De facto, os eventos (69%) são as atividades que, geralmente, têm o maior impacto no maior número (quantitativo) de mulheres nas STEM, mas é a formação (62%) e a mentoria (62%) que têm o maior impacto qualitativo. No ano passado, provavelmente devido a fundos europeus e ODS das Nações Unidas, as empresas deram avanços na diversidade, na equidade e na inclusão.
“É a segunda edição deste congresso, portanto significa que estamos a criar impacto na sociedade portuguesa desde a última edição. É para isso que estamos aqui e agora temos um relatório para apresentar, que resultou da nossa recolha de dados ao longo do ano. É necessário para tomar decisões”, destacou Mar Martínez Porras, em declarações ao JE.

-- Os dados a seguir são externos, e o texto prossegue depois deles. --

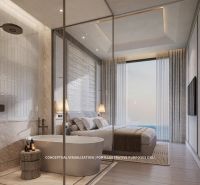 A bedroom with a glass wall, a bathtub, and a wooden decor floor in a 3-room apartment.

Falta descentralizar. Lisboa e Porto recebem quase exclusivamente o impacto de todas as iniciativas STEM, segundo a radiografia elaborada pelo SWC. Por exemplo, em Vila Real, Évora e Beja só há uma iniciativa STEM (Science, Technology, Engineering & Mathematics).
Ainda assim, de acordo com os dados do Eurostat referentes a 2021, Portugal está acima da média europeia de mulheres licenciadas em STEM, com 37,7% contra 32,8%, apenas atrás da Roménia (42,5%), Polónia (41,5%), Grécia (40,9%), Itália (39%) e Croácia (37,9%). As taxas mais baixas foram registadas na Bélgica (27,4%), Espanha e Alemanha (ambas com 27,7%) e Áustria (28%). A questão é: e se saírem todas de Portugal?
“Conseguimos identificar alguns movimentos de raparigas jovens, que terminam as suas formações tecnológicas, a sair do país devido ao diferencial de género. Estamos atentas a isto também, porque se conseguirmos mais raparigas nas escolas e cursos STEM tanto em Portugal como em Espanha, mas essas raparigas acabarem por sair do país… É um grande desafio para endereçar”, advertiu Mar Martínez Porras, que tem duas filhas e trabalha na Ricoh Espanha.
Os dados do primeiro relatório STEM em Portugal foram comparados com a informação sociodemográfica da população em Portugal, publicada pelo Instituto Nacional de Estatística (INE) e pela Direção-Geral de Estatísticas da Educação e Ciência (DGEEC).